In the blue plane, sometimes the empty space between traces looks a bit thin. Making it wider will make manufacturing simpler and more reliable. 

 

Nitckpicking (meaning, I wouldn't bother myself to go back and redo it) 

There's a few places where you have sequences of thinner and thicker traces. Ie, between C102 and U1. It also happens when you change planes, ie, traces on blue plane being thicker than on red plane. 

 

Instead of some thick traces, you could just use use fills to fill all the available areas in the red plane with 3.3 and 1.8V zones, since copper is free.
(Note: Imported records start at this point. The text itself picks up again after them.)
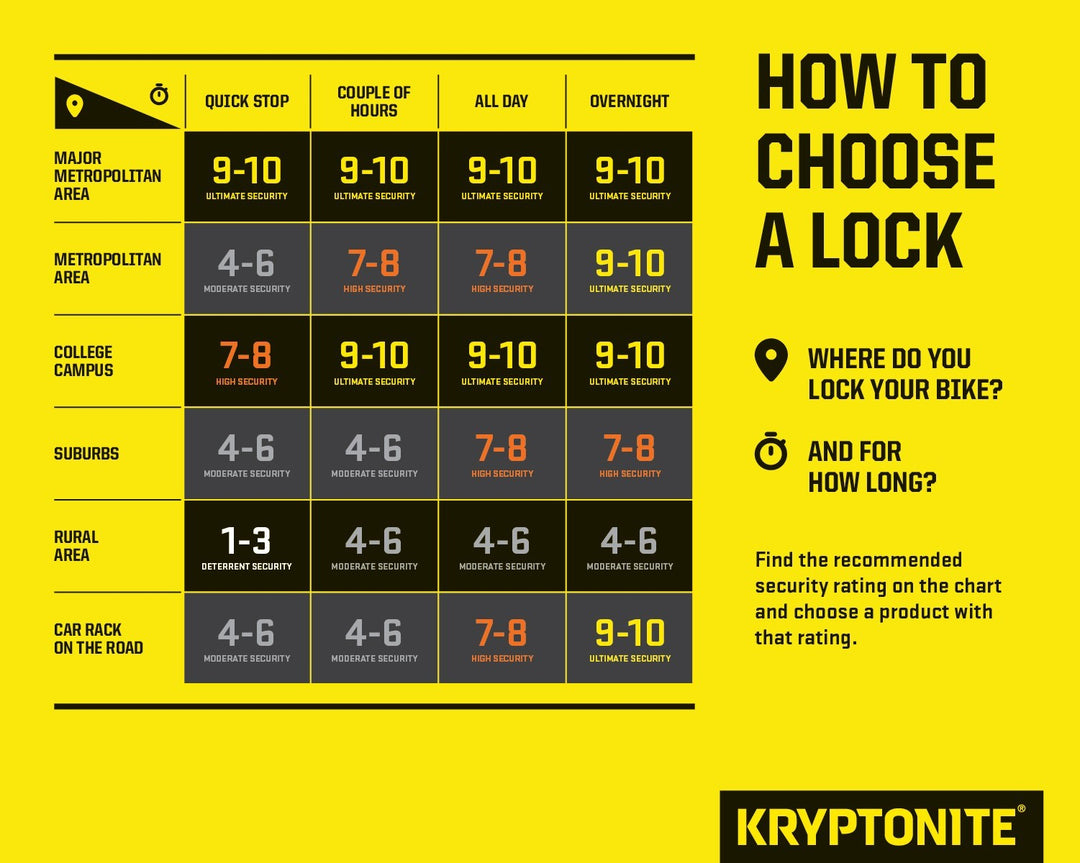 Kryptolock U-Lock (9")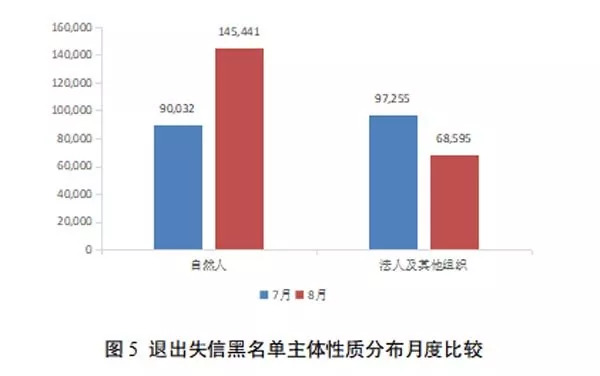 澳彩資料免費的資料大全WWE與違法犯罪問題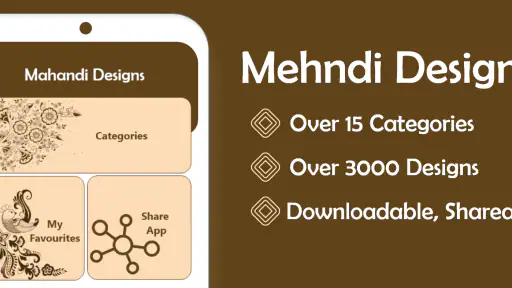 Modern Mehndi Designs - Henna screenshot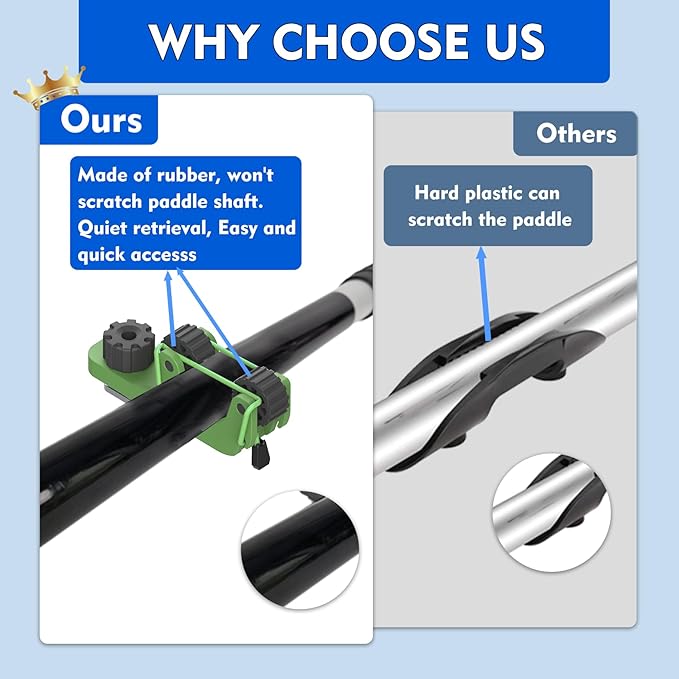 1006 2 PCS Adjustable Kayak Paddle Holder Track Mount Fits Various Shaft Diameters –Universal Rail Mount for Paddle, Fishing Rod, Net – Kayak Accessories for Fishing & Touring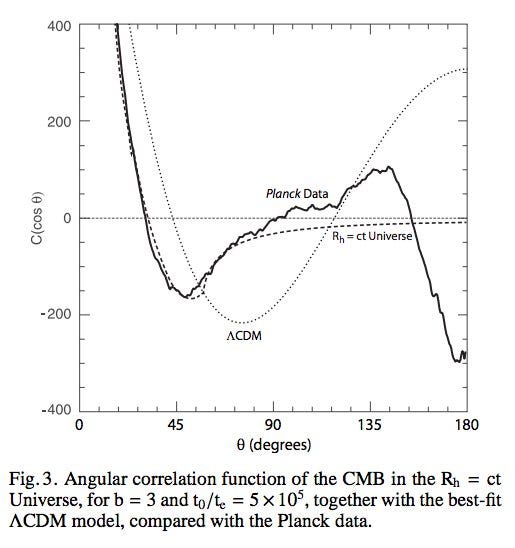HOW TO REFUTE GENERAL RELATIVITY. Was Dr. Marco Pereira’s… | by Marco ...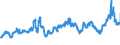 KN 29051100 /Exporte /Einheit = Preise (Euro/Tonne) /Partnerland: Deutschland /Meldeland: Eur27_2020 /29051100:Methanol `methylalkohol`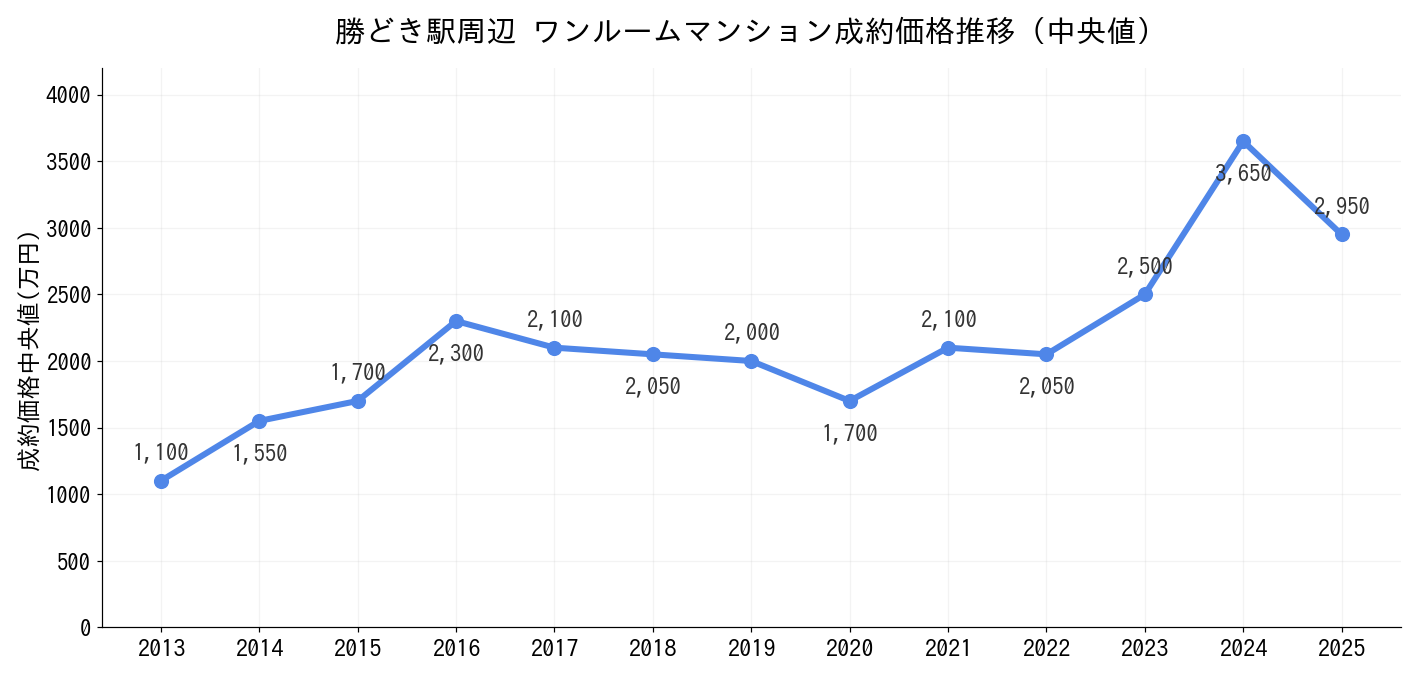 勝どき駅_ワンルームマンション価格推移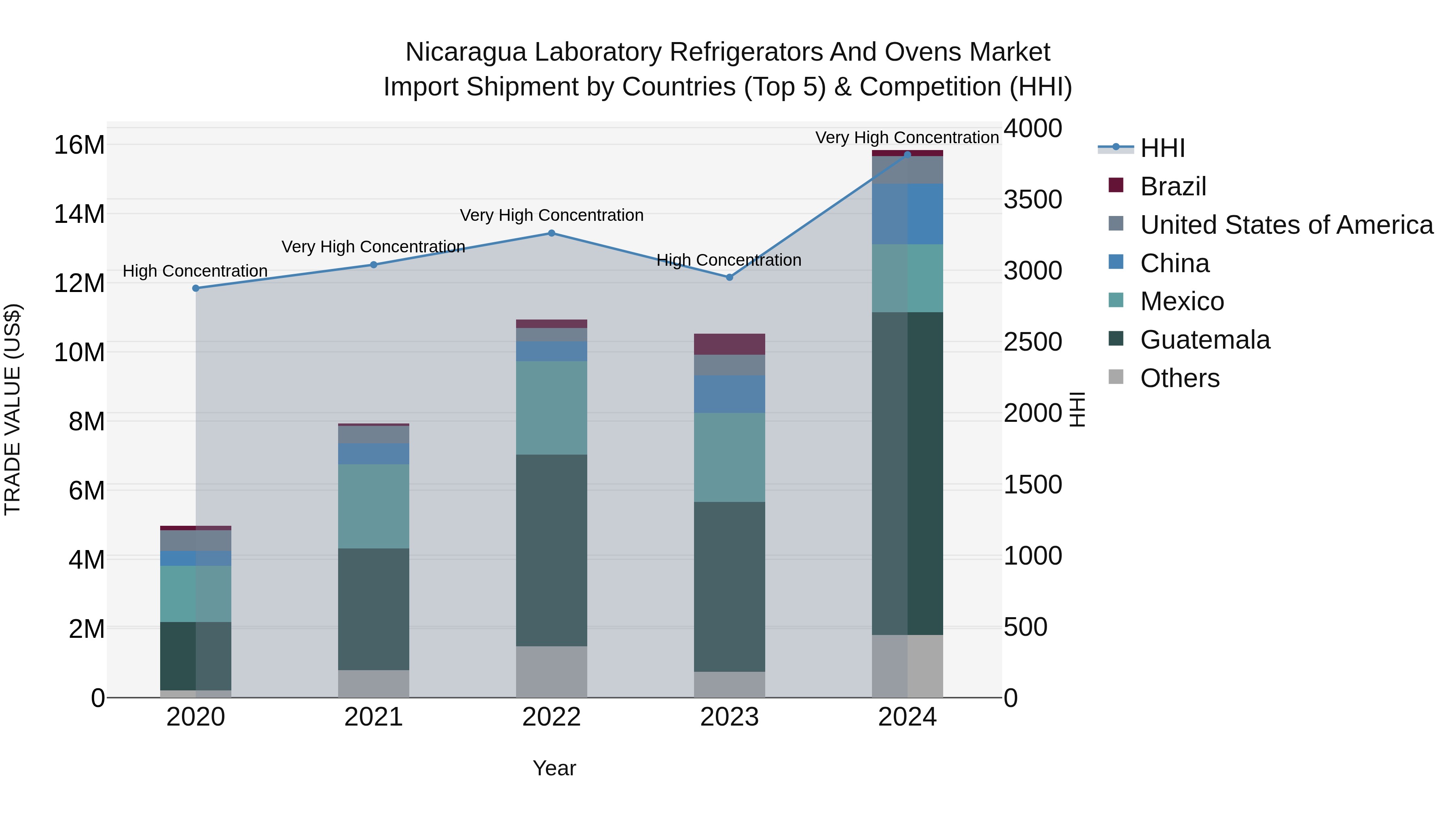 Nicaragua Laboratory Refrigerators and Ovens Market: Top 5 Importing Countries and Market Competition (HHI) Analysis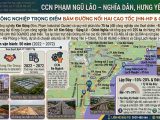 CCN Phạm Ngũ Lão Nghĩa Dân: Vị Trí Đường Nối 2 Cao Tốc, Quy Mô 75ha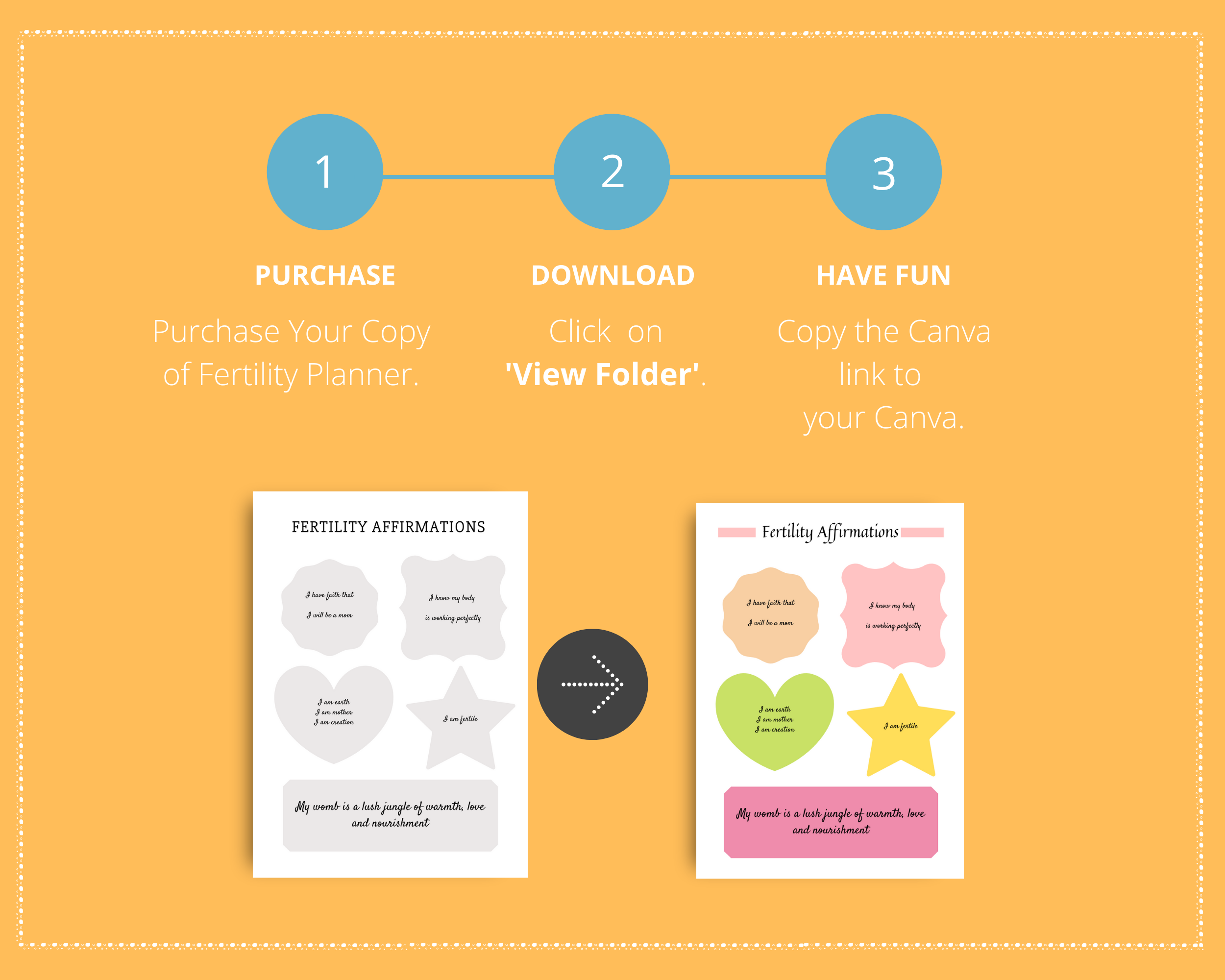 Editable Fertility Planner Templates in Canva | Commercial Use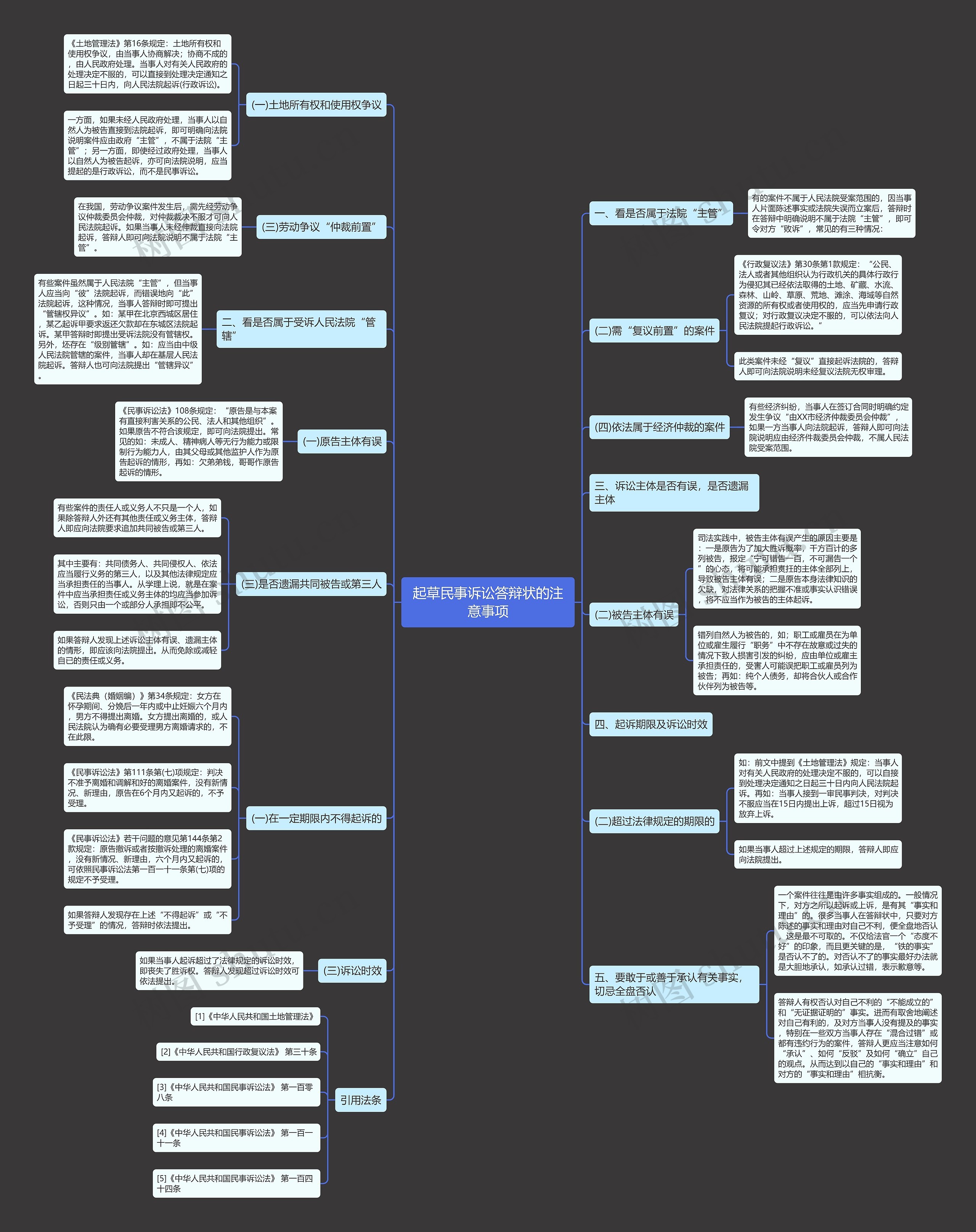 起草民事诉讼答辩状的注意事项 起草民事诉讼答辩状的注意事项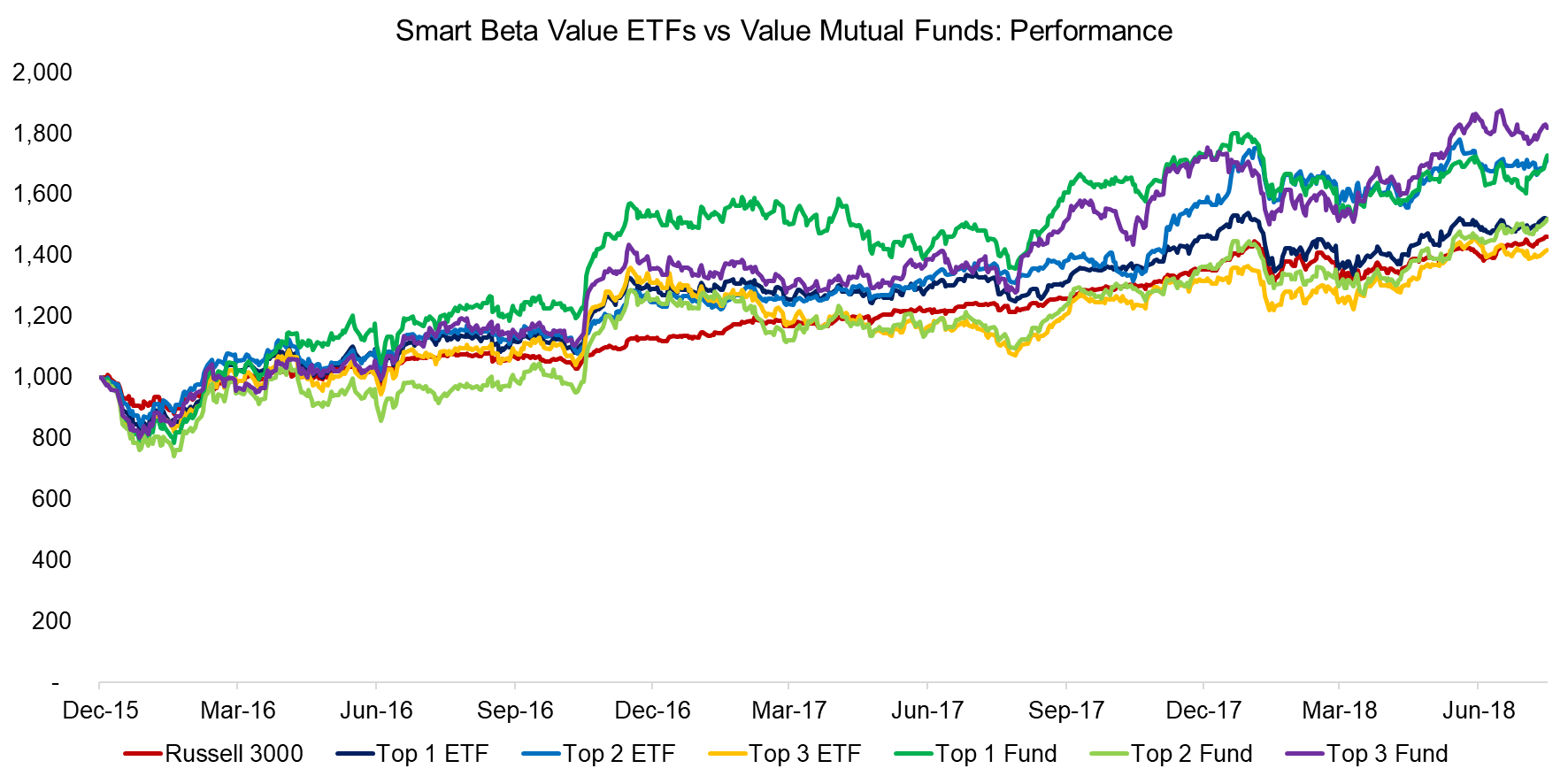 etfs
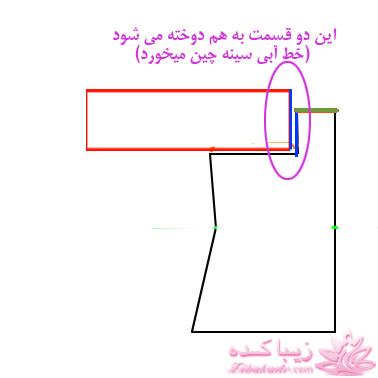 آموزش دوخت لباسهای نیوتکنیک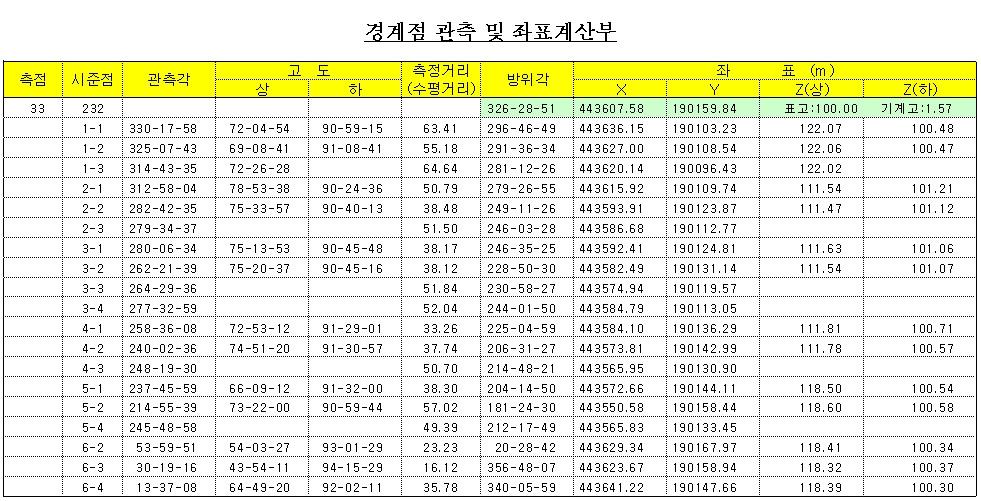 건물위치정보추출의정확도평가및입체지적구축방안 < 표 5> 경계점관측및연직각관측부 두번째는지상 LiDAR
I don't worry about thin supply lines as long there's no explicite high current requirement for a power net. But I don't like the rutted ground plane. You should at least place a few "jumper" traces to make the ground more continuous. Bypass capacitors near to each supply pin are the next basic requirement. This is achieved in the design, ground escape traces should be generally shorter however.

Thanks a lot for the insight, guys. 

 

FvM, I tend to be a bit clumsy and pull jumpers all the time. And I feel the main advantage of a PCB is that it can be completely jumper free. Jumpers will just make the entire thing more fragile. 

 

I REALLY would prefer a continous ground plane but it can get quite hard with so many traces. I am going to investigate if its worthwhile getting the final PCB manufactured from abroad (this is just a prototype). If so, I'll go with a 4 layer board and then have continuos ground and power planes. 

 

Do you, however, feel that the current layout will give me trouble? Please note, this is just a prototype and my only requirement is that it lets me hit the ground running - allows me to write the firmware for the CPU and get the CPLDs to talk to the MCU. 

 

Also, could you elaborate what you meant by the term ground escape traces? 

 

Looking at the layout, I think I can take the thick blue trace that passes near R2 and bring it over to the top layer. In that case, I'll need to route the signal around the J3 connector.

I told about "jumper" traces, not wires. As an example, see the ground plane below U1. It's effectively cut in two halves. It would be appropriate to either change the layer of the supply trace below or place jumper traces bridging the gap. 

 

But most likely, the circuit doesn't involve any fast signals and thus will be fine as is.